TASK ITEM »
What is needed is an exact copy of the whole listing below, with no pictures.

***** AVAILABLE DATA

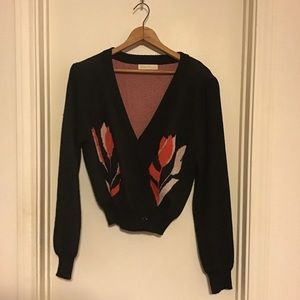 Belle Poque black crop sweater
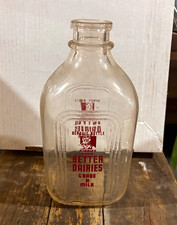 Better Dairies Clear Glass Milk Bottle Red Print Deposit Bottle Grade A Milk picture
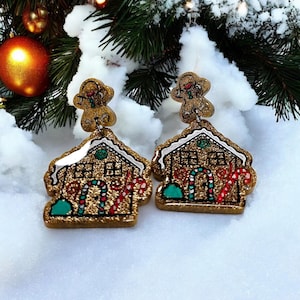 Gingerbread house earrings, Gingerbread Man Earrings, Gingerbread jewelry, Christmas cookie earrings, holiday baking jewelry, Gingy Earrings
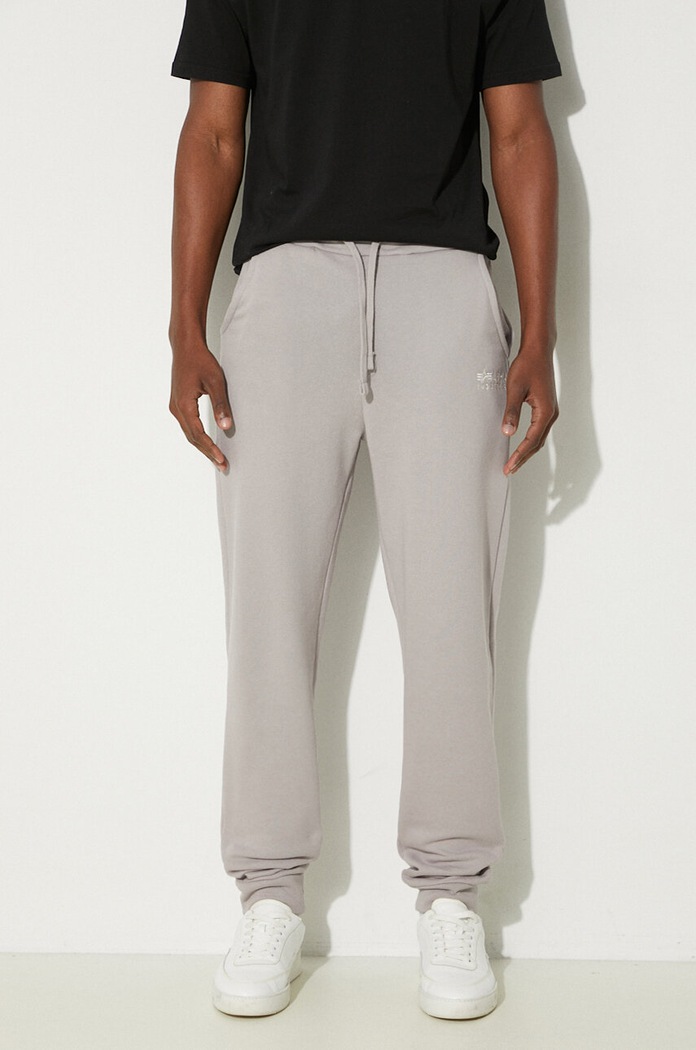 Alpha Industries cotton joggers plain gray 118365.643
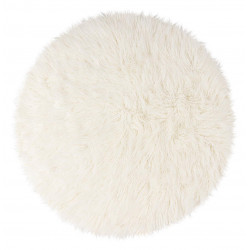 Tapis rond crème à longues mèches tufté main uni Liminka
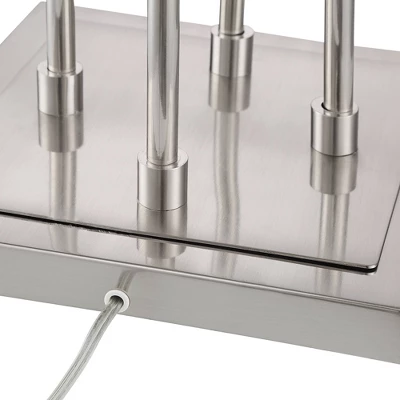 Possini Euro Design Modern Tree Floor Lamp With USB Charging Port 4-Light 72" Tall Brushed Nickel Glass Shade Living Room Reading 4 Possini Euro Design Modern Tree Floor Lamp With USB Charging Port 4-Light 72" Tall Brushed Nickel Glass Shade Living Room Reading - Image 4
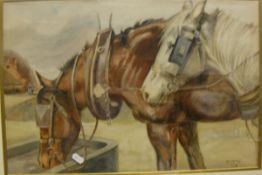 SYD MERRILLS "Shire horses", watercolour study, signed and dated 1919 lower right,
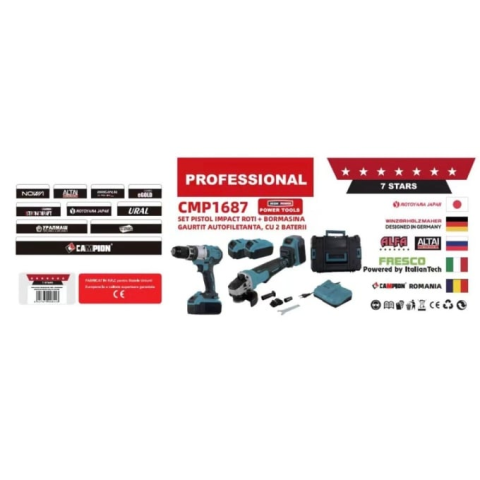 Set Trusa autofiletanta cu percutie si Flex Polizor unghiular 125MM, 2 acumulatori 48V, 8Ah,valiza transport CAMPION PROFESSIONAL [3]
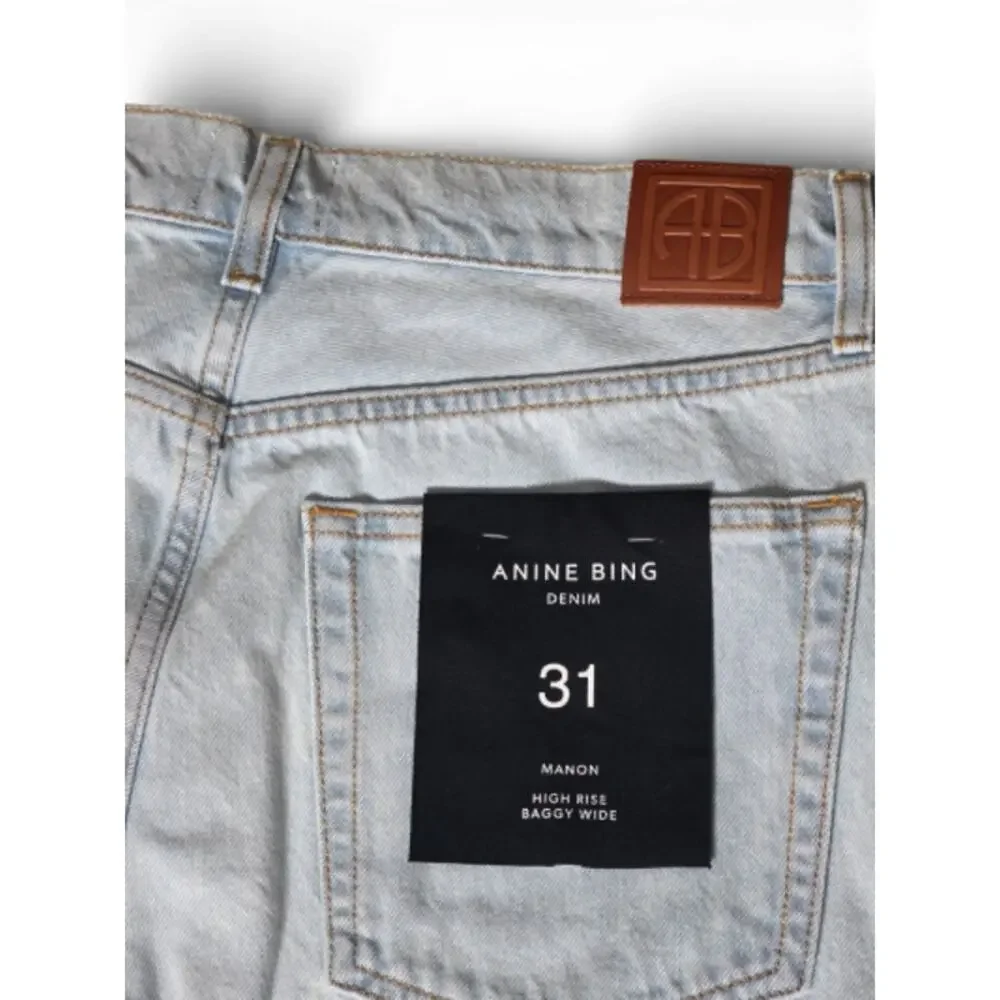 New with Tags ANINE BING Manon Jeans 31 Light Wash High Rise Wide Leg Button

**********

ANSWER SECTION »
 Belle Poque black crop sweater
 Better Dairies Clear Glass Milk Bottle Red Print Deposit Bottle Grade A Milk picture
 Gingerbread house earrings, Gingerbread Man Earrings, Gingerbread jewelry, Christmas cookie earrings, holiday baking jewelry, Gingy Earrings
 Alpha Industries cotton joggers plain gray 118365.643
 Tapis rond crème à longues mèches tufté main uni Liminka
 Possini Euro Design Modern Tree Floor Lamp With USB Charging Port 4-Light 72" Tall Brushed Nickel Glass Shade Living Room Reading 4 Possini Euro Design Modern Tree Floor Lamp With USB Charging Port 4-Light 72" Tall Brushed Nickel Glass Shade Living Room Reading - Image 4
 SYD MERRILLS "Shire horses", watercolour study, signed and dated 1919 lower right,
 Set Trusa autofiletanta cu percutie si Flex Polizor unghiular 125MM, 2 acumulatori 48V, 8Ah,valiza transport CAMPION PROFESSIONAL [3]
 New with Tags ANINE BING Manon Jeans 31 Light Wash High Rise Wide Leg Button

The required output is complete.